How We Almost Lost Our Production Kubernetes Cluster to a Misconfigured CronJob
👤 @k8s_newbie_kimfintech10-30 engineers2024
01The Setup
We ran a 15-node Kubernetes cluster on GKE for our payment processing platform. The team was relatively new to Kubernetes — we had migrated from Heroku 6 months prior. We had basic monitoring with Prometheus and Grafana but our alerting coverage had gaps, especially around resource utilization at the node level. A developer had set up a CronJob to clean up stale payment session data from Redis.
02What Happened
The CronJob was configured to run every minute instead of every hour (*/1 * * * * vs 0 * * * *). Each job spawned a pod that pulled a 2GB Docker image (the dev had used the full application image instead of a slim utility image). The CronJob had no concurrencyPolicy set, so Kubernetes was spawning a new pod every minute without waiting for the previous one to finish. Over a weekend, this created hundreds of pending pods that consumed all schedulable resources. By Monday morning, new deployments couldnt schedule pods and existing pods were getting OOMKilled from node memory pressure.
03The Resolution
An engineer noticed the issue during Monday morning standup when a deploy was stuck in Pending. We identified 847 completed and pending CronJob pods consuming cluster resources. We deleted the CronJob, cleaned up the completed pods, and the cluster recovered within 20 minutes. We then rewrote the CronJob with concurrencyPolicy: Forbid, proper resource limits, a slim Alpine-based image, and the correct schedule.

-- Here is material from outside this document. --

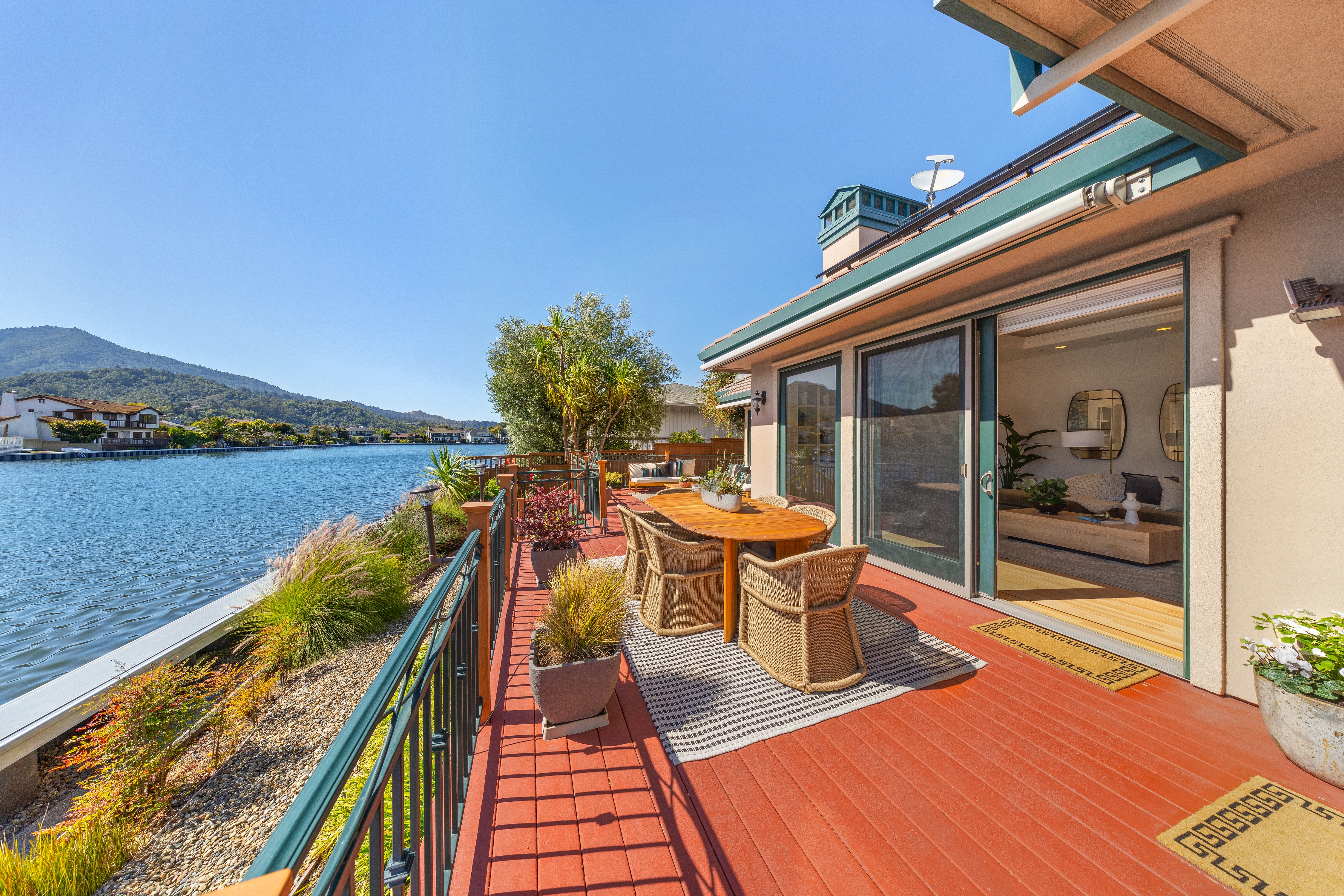  Waterfront Living on the Larkspur Lagoon - 物件實景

We added alerts for unusual pod counts and node resource pressure.
LessonsWhat We Learned
01
Always set concurrencyPolicy on CronJobs — the default (Allow) can cause runaway pod creation.
02
Use ResourceQuotas and LimitRanges as guardrails, especially when your team is new to Kubernetes.
03
CronJob schedule syntax is easy to get wrong — add a comment in the manifest with the human-readable schedule.
What I'd Do Differently
We should have had a policy requiring code review for any Kubernetes manifests, not just application code. We also should have set default ResourceQuotas per namespace and LimitRanges to prevent any single workload from consuming unbounded resources.